From the perspective of a non-African reader, the novel, Things Fall Apart, by Chinua Achebe, is the story of a seemingly uninviting character, named Okonkwo, who struggles to secure his status and masculinity within himself and his culture during the time of European colonialism. His continuous struggle leads to his downfall and ultimate death, in which the District Commissioner orders his messenger to retrieve Okonkwo’s body and bury him, on account of the villagers cultural beliefs and the Commissioner’s refusal to dirty his own hands in the process. As the deed was being cleaned up by his messenger, the Commissioner walked away and took note of this incident to add a book he planned to write on Africa, which
would take up a paragraph at the most. In the last line of the novel, the Commissioner decides on the title for his book: The Pacification of the Primitive Tribes of the Lower Niger (209). The District Commissioners phlegmatic response to Okonkwo’s death and his quick shift in focus towards how he will profit from adding Okonkwo’s story to his book shows his narrow mindedness and unwillingness to look at the scenario beyond his point of view. A civilization, filled with rich history, culture, and language, will be completely annihilated and an entire book’s worth of a man’s legacy will be diminished to an over generalized and stereotyped version of an “uncivilized” tribal man who decided, after an act of violence, to take his own life.
The juxtaposition between the last line of the Commissioner versus the rest of Achebe’s novel shows the detrimental effects ignorance, and the unwillingness to accept and acknowledge cultural and religious differences has on society.

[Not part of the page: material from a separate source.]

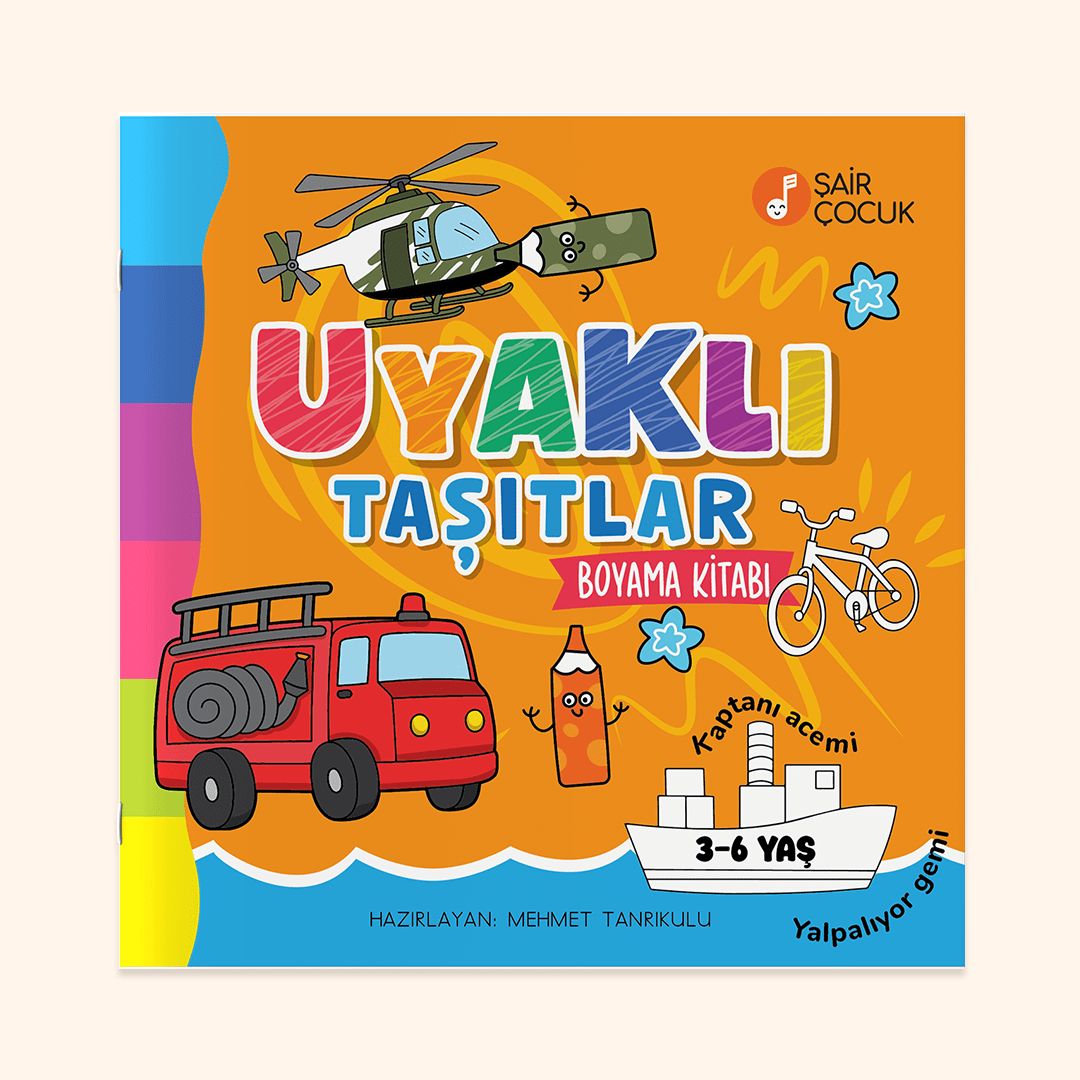 Uyaklı Taşıtlar Boyama Kitabı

Although the readers never read the Commissioner’s novel, The Pacification of the Primitive Tribes of the Lower Niger, judging simply from the title, the novel would be very vague, biased, and omit of any stories of cultural traditions, food, activity, and religion that haven’t been whitewashed or censored. Through Achebe’s novel, Things Fall Apart, readers get a glimpse into the good and bad aspects of the Igbo people as well as Okonkwo’s journey through his internal issues revolving self identity and worth within himself and his community, as well as the deterioration of the village post European colonialism.